> EXERCISE DESCRIPTION: Please give back only the lines below from the one containing "tribute to French" to the one containing "Chữa cháy ở Khu chế xuất Tân Thuận một", each repeated word for word, both ends included.

----------------------------------------

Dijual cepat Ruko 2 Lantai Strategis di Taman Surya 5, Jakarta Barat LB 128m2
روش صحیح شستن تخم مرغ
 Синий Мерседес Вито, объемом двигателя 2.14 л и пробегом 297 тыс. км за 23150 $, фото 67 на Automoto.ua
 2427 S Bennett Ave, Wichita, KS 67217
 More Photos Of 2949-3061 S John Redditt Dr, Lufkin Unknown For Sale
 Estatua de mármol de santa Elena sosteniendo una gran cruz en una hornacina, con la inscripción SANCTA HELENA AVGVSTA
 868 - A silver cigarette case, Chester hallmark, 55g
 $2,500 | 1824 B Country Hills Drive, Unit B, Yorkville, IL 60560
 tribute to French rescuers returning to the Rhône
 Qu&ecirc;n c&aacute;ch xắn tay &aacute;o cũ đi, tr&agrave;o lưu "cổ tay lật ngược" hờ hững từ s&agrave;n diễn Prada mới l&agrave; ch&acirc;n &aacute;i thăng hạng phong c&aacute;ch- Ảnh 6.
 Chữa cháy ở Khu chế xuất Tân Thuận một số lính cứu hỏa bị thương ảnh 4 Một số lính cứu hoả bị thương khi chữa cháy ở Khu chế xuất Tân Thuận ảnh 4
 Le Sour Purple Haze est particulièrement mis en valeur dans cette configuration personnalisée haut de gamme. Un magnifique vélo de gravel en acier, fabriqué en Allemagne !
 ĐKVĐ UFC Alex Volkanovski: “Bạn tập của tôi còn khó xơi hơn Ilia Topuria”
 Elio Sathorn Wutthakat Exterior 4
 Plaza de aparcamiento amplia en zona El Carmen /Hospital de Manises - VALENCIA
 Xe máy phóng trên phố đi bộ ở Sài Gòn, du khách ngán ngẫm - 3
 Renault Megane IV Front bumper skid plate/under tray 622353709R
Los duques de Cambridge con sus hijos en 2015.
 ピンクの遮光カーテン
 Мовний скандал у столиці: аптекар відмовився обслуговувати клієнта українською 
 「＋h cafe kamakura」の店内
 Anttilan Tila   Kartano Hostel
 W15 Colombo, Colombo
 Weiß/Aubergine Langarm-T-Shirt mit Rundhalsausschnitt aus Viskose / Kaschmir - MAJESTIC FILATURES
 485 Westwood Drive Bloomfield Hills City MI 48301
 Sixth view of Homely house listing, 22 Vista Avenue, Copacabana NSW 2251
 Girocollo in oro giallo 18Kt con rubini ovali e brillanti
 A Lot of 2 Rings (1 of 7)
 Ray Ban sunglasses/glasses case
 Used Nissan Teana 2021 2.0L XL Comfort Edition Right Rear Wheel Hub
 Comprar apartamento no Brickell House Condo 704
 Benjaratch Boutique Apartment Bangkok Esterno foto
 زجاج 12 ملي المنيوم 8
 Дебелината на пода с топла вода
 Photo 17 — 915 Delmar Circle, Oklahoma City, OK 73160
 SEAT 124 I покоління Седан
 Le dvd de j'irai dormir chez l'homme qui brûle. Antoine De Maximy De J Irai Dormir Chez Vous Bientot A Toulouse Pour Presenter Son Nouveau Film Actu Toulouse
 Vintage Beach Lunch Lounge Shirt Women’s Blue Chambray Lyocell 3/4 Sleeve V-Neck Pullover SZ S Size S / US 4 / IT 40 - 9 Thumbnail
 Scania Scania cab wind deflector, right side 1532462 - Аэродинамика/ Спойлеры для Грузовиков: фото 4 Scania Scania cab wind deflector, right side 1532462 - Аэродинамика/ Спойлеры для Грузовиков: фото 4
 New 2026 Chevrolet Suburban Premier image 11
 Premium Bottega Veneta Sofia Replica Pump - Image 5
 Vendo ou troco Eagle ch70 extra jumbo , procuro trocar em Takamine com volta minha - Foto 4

----------------------------------------

> TASK RESULT:
 tribute to French rescuers returning to the Rhône
 Qu&ecirc;n c&aacute;ch xắn tay &aacute;o cũ đi, tr&agrave;o lưu "cổ tay lật ngược" hờ hững từ s&agrave;n diễn Prada mới l&agrave; ch&acirc;n &aacute;i thăng hạng phong c&aacute;ch- Ảnh 6.
 Chữa cháy ở Khu chế xuất Tân Thuận một số lính cứu hỏa bị thương ảnh 4 Một số lính cứu hoả bị thương khi chữa cháy ở Khu chế xuất Tân Thuận ảnh 4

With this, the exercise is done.